- What is expected:
Required from the data below: the exact lines starting at the line containing "Lenovo | RGB" and ending at the line containing "Peugeot 306", with both ends kept and all pictures dropped.

- Extracted records:
——

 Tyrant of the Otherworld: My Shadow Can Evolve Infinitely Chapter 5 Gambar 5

——

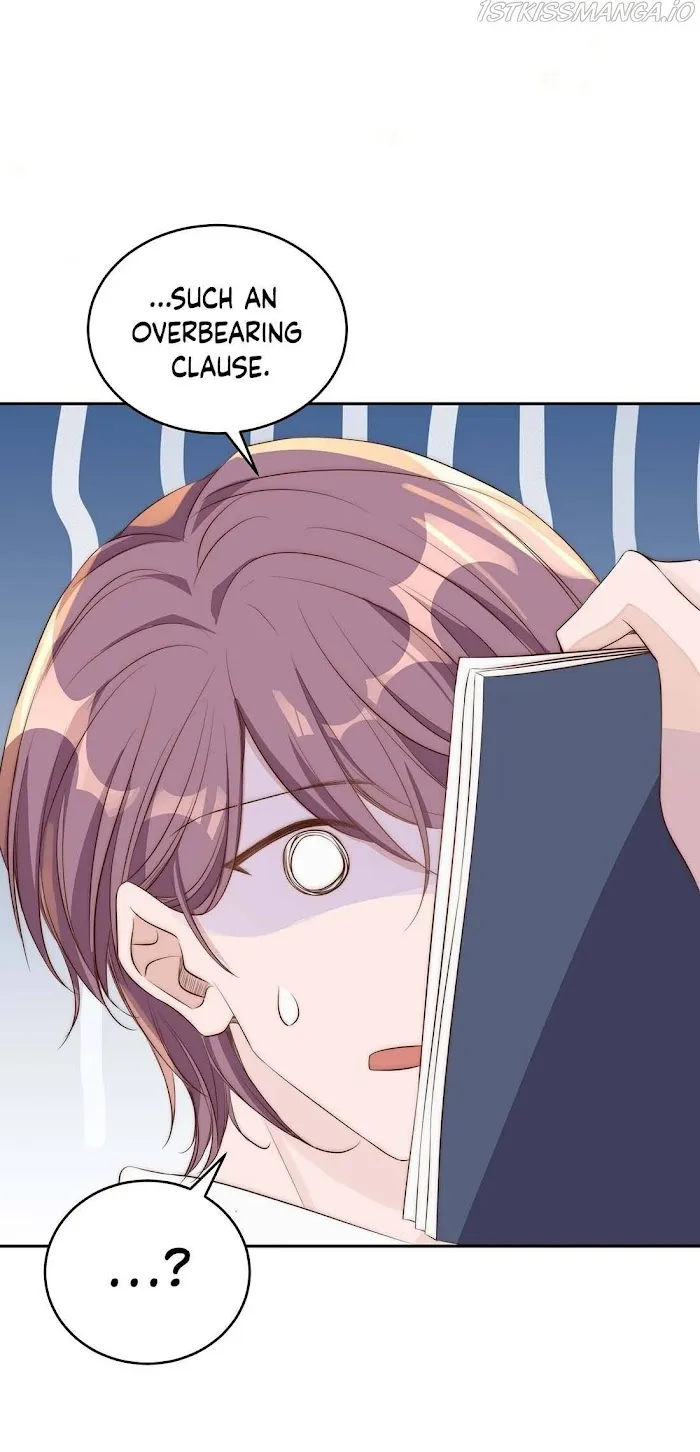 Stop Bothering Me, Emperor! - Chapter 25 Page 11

——

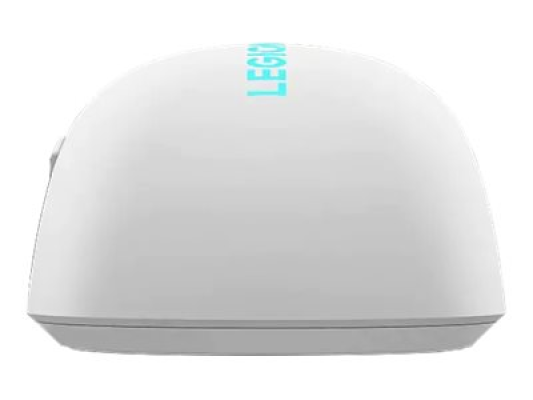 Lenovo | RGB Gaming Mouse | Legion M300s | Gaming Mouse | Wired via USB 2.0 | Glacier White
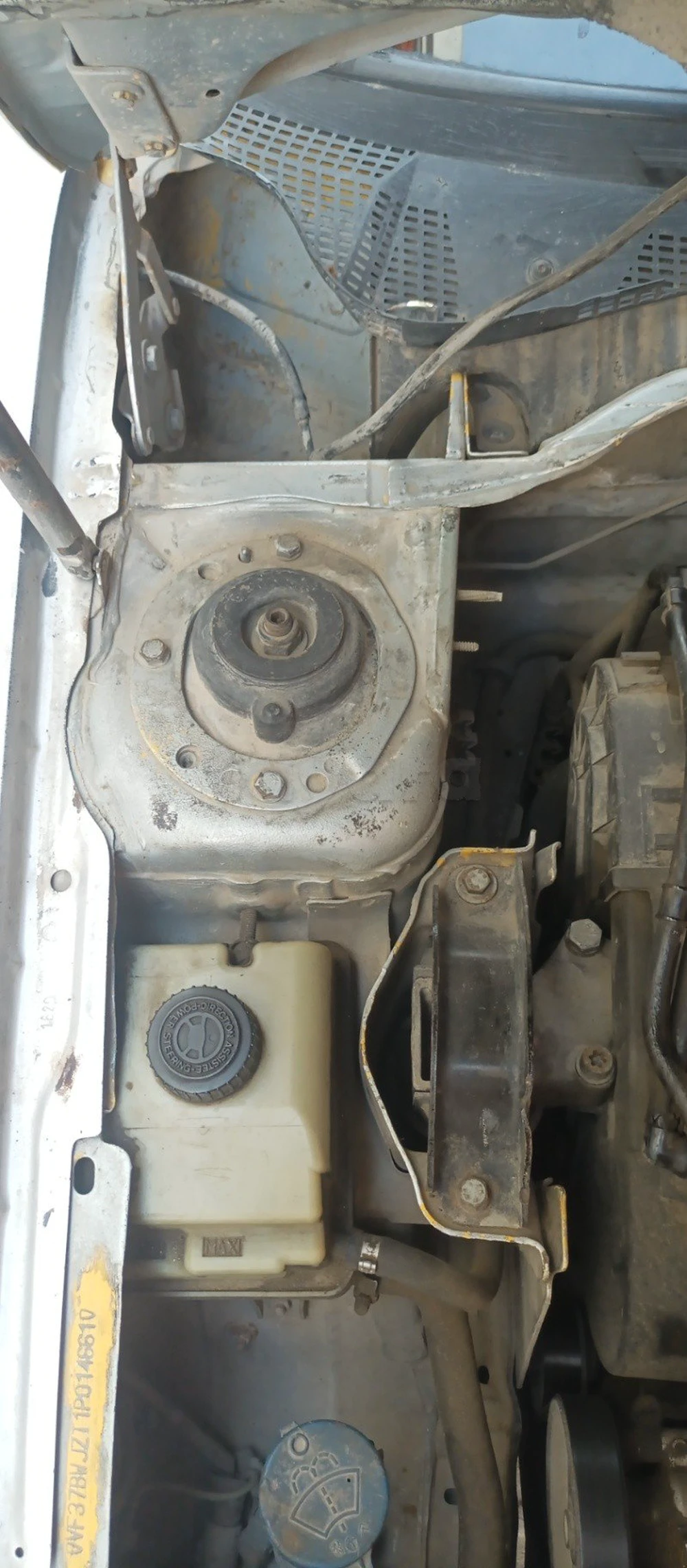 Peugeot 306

——

- Exercise result:
 Lenovo | RGB Gaming Mouse | Legion M300s | Gaming Mouse | Wired via USB 2.0 | Glacier White
 Peugeot 306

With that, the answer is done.